Zweitens: hier geht es nicht um eine Religionsfrage wie Apple oder Android; Mercedes oder BMW; Sprinter oder Sevel. Da geht es um Technologie aus grauer Vorzeit. Man sollte sich nicht so abfällig äußern wenn man die technichen Hintergründe und Geschichte, also das WIESO, nicht kennt:
Drittens: Warum wir in verschiedenen Zonen unterschiedliche Framerates haben liegt nicht an der Willkür der Entwickler und deren "Süppchen". Das liegt schlicht und einfach an den Stromnetzen, dem Zeilensprungverfahren und dem Shannon-Theorem. Das kommt aus einer Zeit als es keine Quarztaktgeber gab. Da hat man die Taktgebung zur Bildfortschaltung über die Phasenwechsel des Stromnetzes gesynct. Man hat also jedes Mal wenn man wenn man ein Bild fortschalten wollte, dies getan, wenn unser Stromnetz die Phase gewechselt hat. Dies geschah in unseren Gefilden 50x pro Sekunde - 220v bei 50Hz. Zum Sehen eines flüssigen Bildes benötigt das menschliche Gehirn !mindestens! 16 Bilder. 16 Taktwechsel waren in unserem Netz nicht möglich. Bei einem 50Hz Netz gingen nur 25, 50 oder 100 Bilder. Das nächst Höhere zu 16 waren also 25 Bilder. Nun kommt das Shannon Theorem ins Spiel welches, vereinfacht ausgedrückt, sagt, dass man immer doppelt so hoch abtasten sollte wie man es wirklich braucht - aber wirklich nur stark vereinfacht. Heisst, ich brauche theoretisch 50 bewegte Bilder. In der damaligen Zeit von Röhren Fernsehern und Schwarzweiss war es aber nicht möglich 50 Vollbilder zu übertragen. Das ging über den Ether nicht. Also hat man die Bilder in Halbbilder zerlegt und hat gerade und ungerade Halbbilder abwechselnd übertragen. Wenn man diese Halbbilder (interlaced) zu Vollbildern, wie es heute üblich ist, zusammenfügt (de-interlacing) dann kommt man bei 25 Progressiven Bildern heraus. Nennt sich 25p.

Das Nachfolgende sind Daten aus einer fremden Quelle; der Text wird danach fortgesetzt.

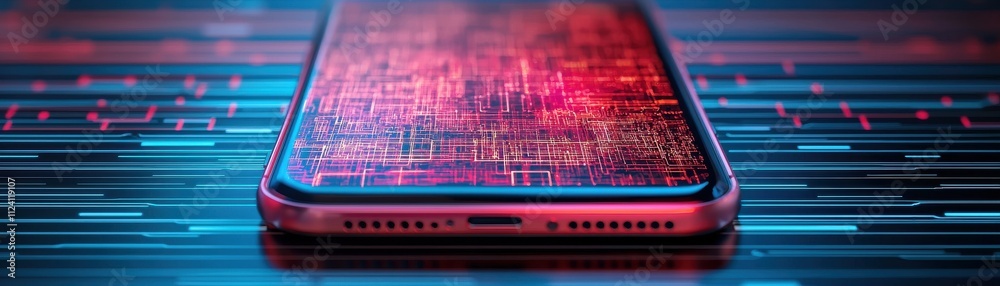 Poster exploring digital patterns on smartphone screens technology environment close-up view innovation con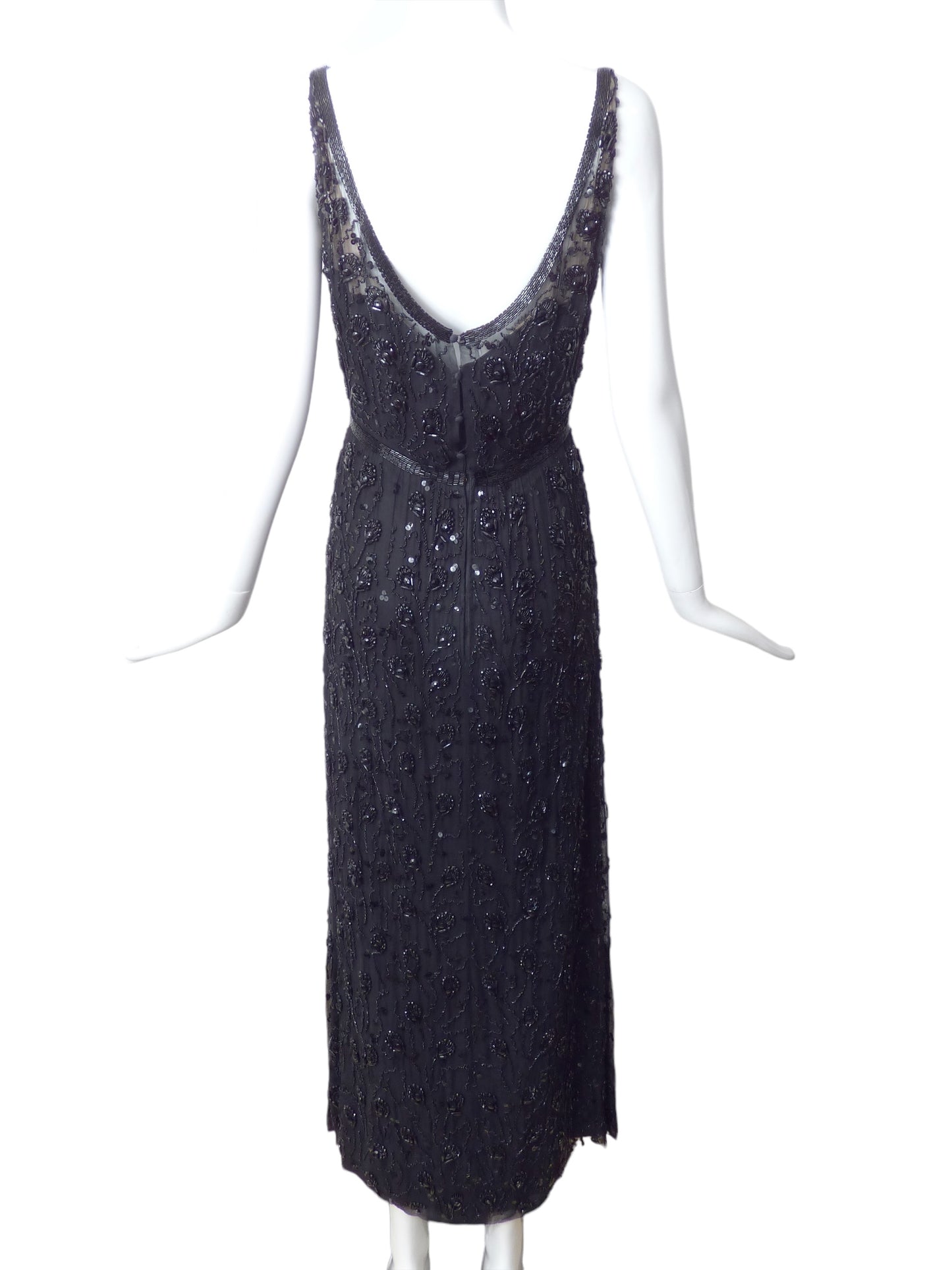 1960s Black Beaded Evening Gown, Size 8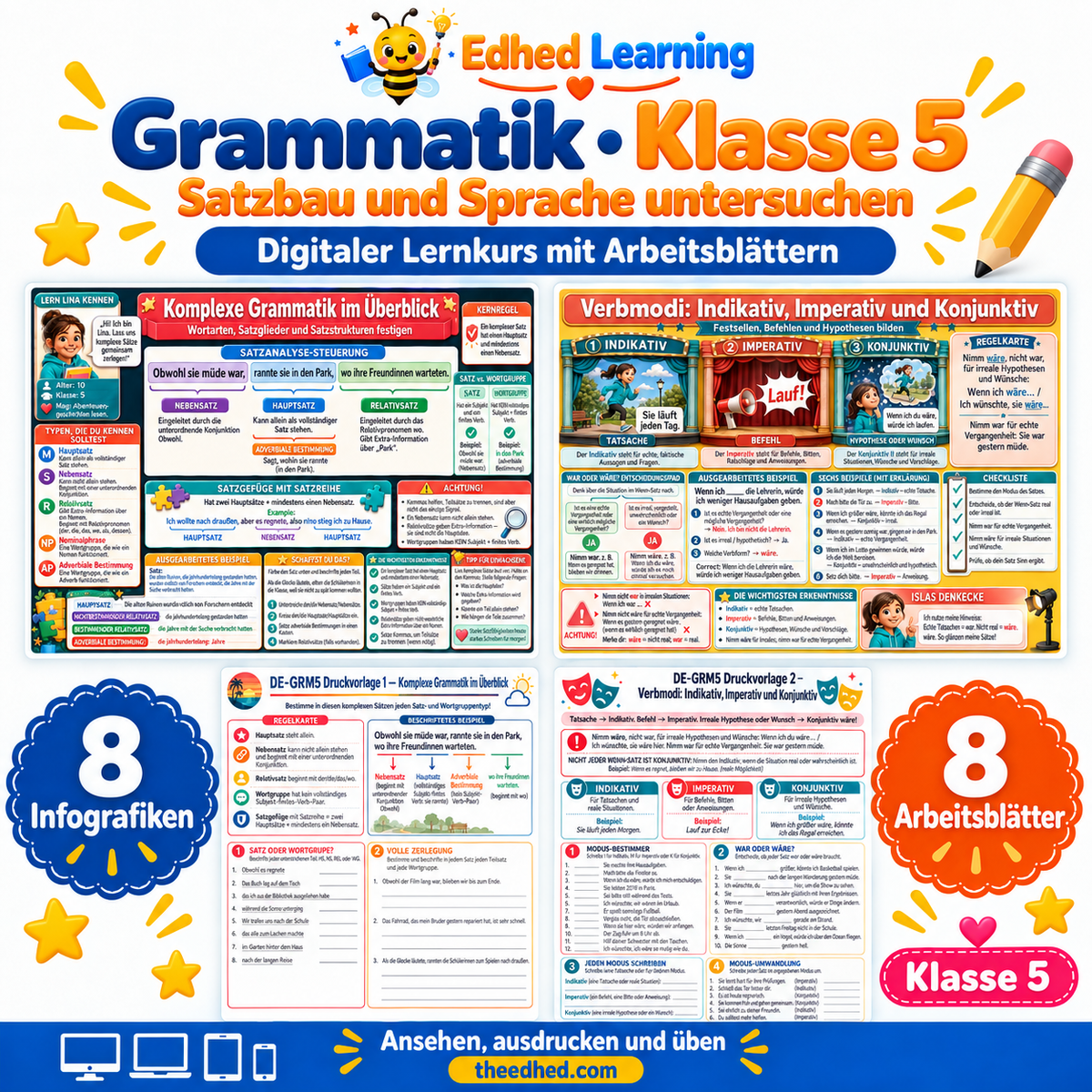 Grammatik · Klasse 5 – Edhed Learning, 8 Infografiken und 8 Arbeitsblätter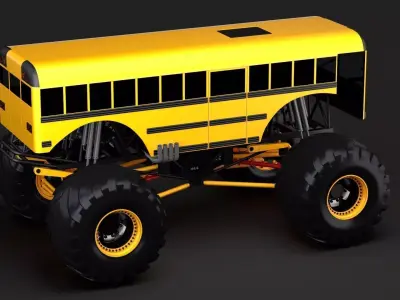 Monster Truck School Bus 3D model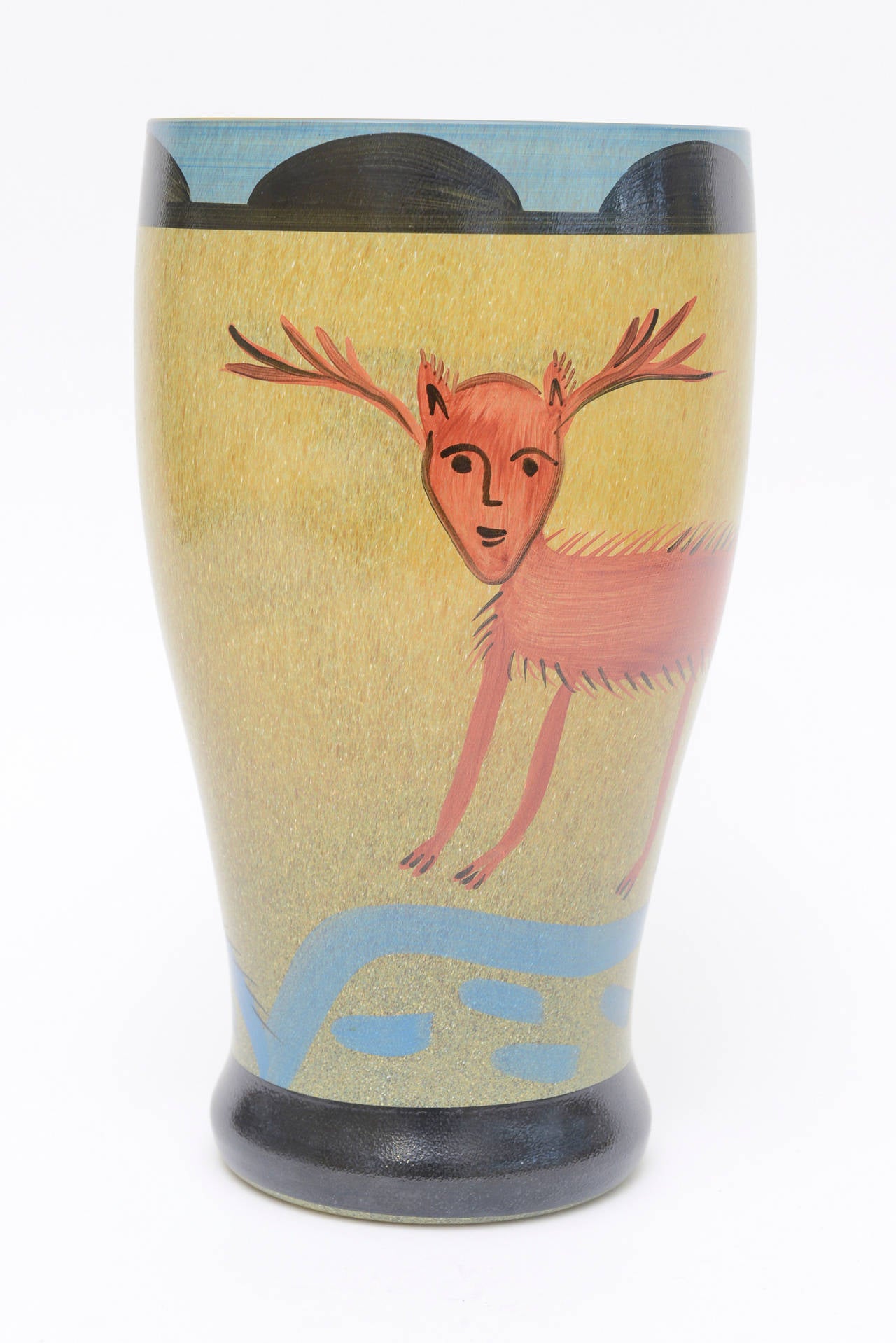 Modern Ulrica Hydman Vallien for Kosta Boda Primitive Painted Glass Vase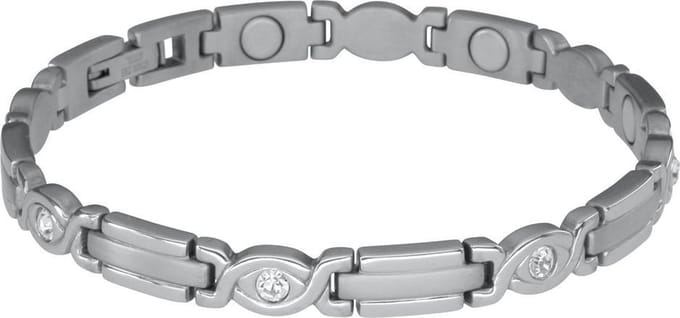 Magneet Armband Lady Zilverkleurig Zirkonia-M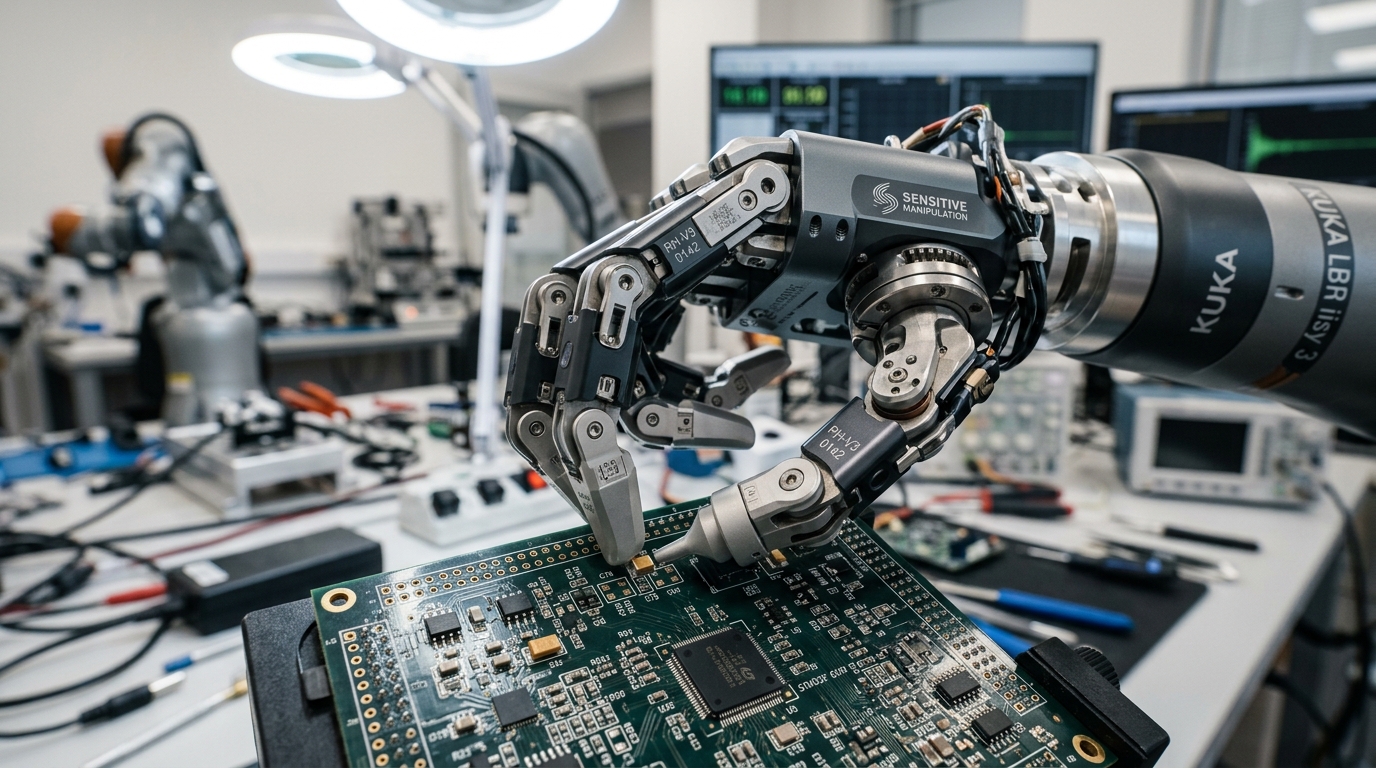 Samsung Physical AI Lab laboratuvarında test edilen yeni nesil insansı robot elleri ve sensörleri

In Ländern wie z. B. USA hatte man auch damals schon keine 220V mit 50Hz, sondern 110V mit ca. 60Hz. Es ist auch nicht exakt 60Hz sondern minimal langsamer. Das wurde in den USA halt parallel so entwickelt. Auch sie hatten keine Quarztaktgeber und mussten auch über die Phasenwechsel die Bilder fortschalten. Da sich 60 nicht durch 25 teilen ließ ging das aber nicht mit 25. Deshalb sind die dann auf 60 Halbbilder gegangen was progressiv 30 Vollbilder sind, aber auch nicht genau 30 sondern 29,95fps.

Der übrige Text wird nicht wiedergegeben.